The family of a Hart High sophomore with a heart condition is frustrated by the school district’s response to bullying allegations, the family shared with The Signal this week, after she was offered a chance to transfer schools in response to several incidents, including one the victim recorded.
The parents of Nicole R., a sophomore at Hart High School, said they were shocked when the bullying happened again a little over a week ago, after several conversations with school administrators.
“(Nicole) has an atrial septal defect, which is a hole in her heart,” said Nicole’s father, Bob. “Any violent confrontation can cause extreme anxiety… or even a heart attack.”
The “incidents” which the parents say they found shocking, involved their daughter being both physically and verbally harassed by a group of girls at her school.
On Feb. 28, a group of girls who had been, according to Nicole’s parents, allegedly “terrorizing” their daughter for months while at school, physically threatening her, teasing her and causing her to have anxiety attacks, returned to pick on Nicole R. again.
Nicole recorded the incident.
“The same group of girls (who had been bullying Nicole through previous months) were now joined by additional girls (and were) walking by making threats,” said Bob R. “My daughter immediately called my wife then started recording.”

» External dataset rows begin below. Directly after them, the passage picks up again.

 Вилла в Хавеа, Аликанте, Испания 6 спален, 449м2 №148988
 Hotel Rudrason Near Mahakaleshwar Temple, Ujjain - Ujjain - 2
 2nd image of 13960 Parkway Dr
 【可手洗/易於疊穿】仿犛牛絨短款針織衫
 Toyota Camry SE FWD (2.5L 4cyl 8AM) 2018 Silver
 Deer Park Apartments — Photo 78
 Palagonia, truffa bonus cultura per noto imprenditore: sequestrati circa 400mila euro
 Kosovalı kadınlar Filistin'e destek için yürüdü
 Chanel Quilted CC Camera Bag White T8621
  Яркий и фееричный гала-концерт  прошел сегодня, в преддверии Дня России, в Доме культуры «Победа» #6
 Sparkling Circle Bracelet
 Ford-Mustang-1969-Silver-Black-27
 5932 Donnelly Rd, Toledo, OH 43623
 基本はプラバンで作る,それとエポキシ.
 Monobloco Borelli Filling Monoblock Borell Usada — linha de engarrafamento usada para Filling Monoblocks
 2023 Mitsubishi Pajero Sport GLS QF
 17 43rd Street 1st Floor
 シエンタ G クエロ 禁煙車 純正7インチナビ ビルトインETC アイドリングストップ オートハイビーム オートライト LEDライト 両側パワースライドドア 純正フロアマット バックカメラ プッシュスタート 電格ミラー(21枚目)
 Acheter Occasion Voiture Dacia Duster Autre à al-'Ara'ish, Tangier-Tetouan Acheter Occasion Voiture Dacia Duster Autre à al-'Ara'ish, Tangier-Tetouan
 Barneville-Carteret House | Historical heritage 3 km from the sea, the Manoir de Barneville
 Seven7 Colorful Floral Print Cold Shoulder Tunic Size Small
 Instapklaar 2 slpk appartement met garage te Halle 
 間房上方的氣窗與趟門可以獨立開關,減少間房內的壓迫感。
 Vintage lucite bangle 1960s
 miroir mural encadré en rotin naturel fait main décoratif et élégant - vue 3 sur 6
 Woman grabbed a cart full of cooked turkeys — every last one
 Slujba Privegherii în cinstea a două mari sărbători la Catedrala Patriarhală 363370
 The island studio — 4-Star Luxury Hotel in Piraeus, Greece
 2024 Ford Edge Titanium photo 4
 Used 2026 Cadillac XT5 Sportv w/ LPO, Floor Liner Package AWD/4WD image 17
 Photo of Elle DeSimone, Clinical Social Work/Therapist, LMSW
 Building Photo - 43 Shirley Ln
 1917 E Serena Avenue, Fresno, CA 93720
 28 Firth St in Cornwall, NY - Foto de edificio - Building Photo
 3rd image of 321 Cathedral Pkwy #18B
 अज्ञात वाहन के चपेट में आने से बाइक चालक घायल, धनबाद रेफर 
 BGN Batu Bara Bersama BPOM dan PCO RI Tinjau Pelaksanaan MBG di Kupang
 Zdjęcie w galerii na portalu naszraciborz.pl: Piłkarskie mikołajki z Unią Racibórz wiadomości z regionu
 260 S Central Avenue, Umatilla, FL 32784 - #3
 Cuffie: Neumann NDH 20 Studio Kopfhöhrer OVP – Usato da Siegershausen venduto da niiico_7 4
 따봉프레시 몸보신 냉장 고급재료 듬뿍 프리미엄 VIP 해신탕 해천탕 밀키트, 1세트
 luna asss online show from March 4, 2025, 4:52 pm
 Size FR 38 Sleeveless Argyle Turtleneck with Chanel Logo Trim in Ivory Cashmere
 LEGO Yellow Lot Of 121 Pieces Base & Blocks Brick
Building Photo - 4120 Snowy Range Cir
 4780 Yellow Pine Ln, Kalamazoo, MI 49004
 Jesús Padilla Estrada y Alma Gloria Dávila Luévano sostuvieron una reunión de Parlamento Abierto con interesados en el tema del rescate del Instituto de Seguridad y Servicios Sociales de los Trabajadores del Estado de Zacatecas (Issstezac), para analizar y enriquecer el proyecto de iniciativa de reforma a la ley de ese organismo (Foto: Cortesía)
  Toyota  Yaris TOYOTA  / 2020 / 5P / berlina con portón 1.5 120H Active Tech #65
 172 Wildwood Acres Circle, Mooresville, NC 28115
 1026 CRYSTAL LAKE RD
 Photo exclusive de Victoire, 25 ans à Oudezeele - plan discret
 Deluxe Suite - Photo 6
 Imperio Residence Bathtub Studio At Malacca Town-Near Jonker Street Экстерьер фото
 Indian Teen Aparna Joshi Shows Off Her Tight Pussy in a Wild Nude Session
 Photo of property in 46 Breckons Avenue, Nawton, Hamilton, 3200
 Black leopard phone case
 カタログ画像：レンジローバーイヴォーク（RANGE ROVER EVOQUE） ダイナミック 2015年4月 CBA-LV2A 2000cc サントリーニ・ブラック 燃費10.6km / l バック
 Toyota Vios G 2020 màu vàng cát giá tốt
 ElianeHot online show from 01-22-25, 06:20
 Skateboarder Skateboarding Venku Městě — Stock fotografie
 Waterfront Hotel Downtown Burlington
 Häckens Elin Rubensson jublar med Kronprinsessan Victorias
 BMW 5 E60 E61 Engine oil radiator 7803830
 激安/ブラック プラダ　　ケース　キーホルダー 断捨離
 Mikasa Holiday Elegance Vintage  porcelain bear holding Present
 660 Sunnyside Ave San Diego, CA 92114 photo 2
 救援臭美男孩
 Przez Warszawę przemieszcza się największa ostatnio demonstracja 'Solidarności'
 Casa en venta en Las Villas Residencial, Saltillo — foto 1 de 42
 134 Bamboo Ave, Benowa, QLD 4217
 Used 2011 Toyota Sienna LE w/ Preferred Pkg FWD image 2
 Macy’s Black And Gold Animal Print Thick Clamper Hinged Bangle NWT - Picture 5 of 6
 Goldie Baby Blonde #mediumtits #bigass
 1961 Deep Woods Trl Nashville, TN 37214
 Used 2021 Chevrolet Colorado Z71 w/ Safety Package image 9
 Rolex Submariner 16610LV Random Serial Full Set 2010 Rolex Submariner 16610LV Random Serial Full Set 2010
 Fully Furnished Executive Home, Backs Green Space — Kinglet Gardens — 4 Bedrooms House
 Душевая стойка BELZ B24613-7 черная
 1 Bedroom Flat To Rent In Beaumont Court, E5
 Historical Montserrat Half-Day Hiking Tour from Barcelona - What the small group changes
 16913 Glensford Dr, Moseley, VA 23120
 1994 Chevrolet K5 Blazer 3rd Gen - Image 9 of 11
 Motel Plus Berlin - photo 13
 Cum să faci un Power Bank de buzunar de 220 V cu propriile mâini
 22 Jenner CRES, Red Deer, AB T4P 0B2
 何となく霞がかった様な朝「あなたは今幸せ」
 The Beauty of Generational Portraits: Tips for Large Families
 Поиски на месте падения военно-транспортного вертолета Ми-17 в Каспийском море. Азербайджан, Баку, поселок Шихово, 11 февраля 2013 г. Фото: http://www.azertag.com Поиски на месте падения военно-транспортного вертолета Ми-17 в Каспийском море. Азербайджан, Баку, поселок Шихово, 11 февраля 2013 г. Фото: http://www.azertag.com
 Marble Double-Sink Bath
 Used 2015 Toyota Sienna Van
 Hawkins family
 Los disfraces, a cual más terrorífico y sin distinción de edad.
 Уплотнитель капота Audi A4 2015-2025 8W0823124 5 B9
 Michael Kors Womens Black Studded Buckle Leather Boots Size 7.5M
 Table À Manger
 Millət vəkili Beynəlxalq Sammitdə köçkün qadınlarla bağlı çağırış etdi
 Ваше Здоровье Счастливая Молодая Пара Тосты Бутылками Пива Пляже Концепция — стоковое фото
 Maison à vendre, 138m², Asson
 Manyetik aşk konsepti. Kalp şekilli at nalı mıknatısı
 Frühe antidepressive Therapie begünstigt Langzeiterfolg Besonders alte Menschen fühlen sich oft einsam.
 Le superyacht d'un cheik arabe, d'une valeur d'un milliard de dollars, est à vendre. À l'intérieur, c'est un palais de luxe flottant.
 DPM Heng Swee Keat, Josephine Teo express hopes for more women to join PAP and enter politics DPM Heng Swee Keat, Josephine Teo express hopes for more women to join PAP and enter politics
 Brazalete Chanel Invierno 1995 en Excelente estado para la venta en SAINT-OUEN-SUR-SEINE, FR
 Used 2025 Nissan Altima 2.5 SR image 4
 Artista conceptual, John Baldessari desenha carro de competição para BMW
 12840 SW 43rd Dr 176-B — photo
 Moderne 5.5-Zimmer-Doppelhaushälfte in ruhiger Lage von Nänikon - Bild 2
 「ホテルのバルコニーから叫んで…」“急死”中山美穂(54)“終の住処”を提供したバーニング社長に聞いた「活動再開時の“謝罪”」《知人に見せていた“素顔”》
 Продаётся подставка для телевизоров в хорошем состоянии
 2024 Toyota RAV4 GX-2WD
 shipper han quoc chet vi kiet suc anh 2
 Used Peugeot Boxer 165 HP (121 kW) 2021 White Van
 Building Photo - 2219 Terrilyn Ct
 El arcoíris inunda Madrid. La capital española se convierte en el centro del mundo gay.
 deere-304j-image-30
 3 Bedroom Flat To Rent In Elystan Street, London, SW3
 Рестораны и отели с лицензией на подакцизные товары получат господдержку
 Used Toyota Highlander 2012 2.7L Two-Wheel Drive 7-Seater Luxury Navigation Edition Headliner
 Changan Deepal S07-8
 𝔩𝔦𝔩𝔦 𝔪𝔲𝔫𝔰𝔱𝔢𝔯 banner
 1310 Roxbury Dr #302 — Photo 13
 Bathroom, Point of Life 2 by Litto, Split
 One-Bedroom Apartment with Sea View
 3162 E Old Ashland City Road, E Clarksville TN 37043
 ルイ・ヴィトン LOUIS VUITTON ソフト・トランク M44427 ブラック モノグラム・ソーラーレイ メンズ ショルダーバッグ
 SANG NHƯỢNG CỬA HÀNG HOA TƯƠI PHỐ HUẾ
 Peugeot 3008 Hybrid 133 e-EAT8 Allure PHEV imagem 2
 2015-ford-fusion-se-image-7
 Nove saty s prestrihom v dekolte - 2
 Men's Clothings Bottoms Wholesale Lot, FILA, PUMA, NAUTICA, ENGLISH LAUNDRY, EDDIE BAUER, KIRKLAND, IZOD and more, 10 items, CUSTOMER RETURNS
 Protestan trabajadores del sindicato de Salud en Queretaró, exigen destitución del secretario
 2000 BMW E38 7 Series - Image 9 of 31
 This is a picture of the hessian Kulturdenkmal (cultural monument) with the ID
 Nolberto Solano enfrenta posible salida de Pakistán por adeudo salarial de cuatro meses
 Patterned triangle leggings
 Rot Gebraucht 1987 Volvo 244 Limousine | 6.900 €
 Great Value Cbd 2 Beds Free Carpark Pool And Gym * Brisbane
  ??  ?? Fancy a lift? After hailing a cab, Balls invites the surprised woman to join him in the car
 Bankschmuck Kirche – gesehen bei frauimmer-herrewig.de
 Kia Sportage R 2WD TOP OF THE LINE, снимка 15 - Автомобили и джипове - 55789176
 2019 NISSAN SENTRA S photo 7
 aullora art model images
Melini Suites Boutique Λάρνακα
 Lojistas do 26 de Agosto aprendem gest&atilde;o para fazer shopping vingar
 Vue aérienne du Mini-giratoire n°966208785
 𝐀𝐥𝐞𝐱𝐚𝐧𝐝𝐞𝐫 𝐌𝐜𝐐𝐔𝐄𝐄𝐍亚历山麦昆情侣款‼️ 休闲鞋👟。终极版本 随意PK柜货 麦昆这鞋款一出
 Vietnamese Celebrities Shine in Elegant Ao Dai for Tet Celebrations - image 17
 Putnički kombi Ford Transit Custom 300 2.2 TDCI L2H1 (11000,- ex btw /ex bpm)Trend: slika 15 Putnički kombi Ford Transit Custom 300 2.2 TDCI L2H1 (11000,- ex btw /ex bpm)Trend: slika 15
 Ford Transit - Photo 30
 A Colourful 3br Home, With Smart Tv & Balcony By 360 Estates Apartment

The video shows the girls approaching Nicole as she sits on her school’s bleachers, and the girls can be heard saying: “I’m about to throw my food at this (expletive)” and “bro, should I just bump this (expletive’s) face in.”
They then tell Nicole to stand up and when she refuses, the girls then tell her: “If we have to wait ‘til the bell, we’ll wait ‘til the bell… if we have to be late to class, we’ll be late to class.”
The targeting of Nicole, her parents say, started after she stood up for a friend earlier in November 2018. After the initial incident, the school reportedly received a series of complaints from the family regarding the escalation of bullying incidents and threats from the pack of girls.
“We were assured that the school would take the necessary actions to prevent another incident.
We also instructed our daughter to install a ‘floating button,’ on her phone home screen to record any further incidents,” Bob R. said.
But, according to the family, they began to pursue more information from the school on what corrective actions were being taken by Hart faculty following the latest incidents over the last couple of weeks.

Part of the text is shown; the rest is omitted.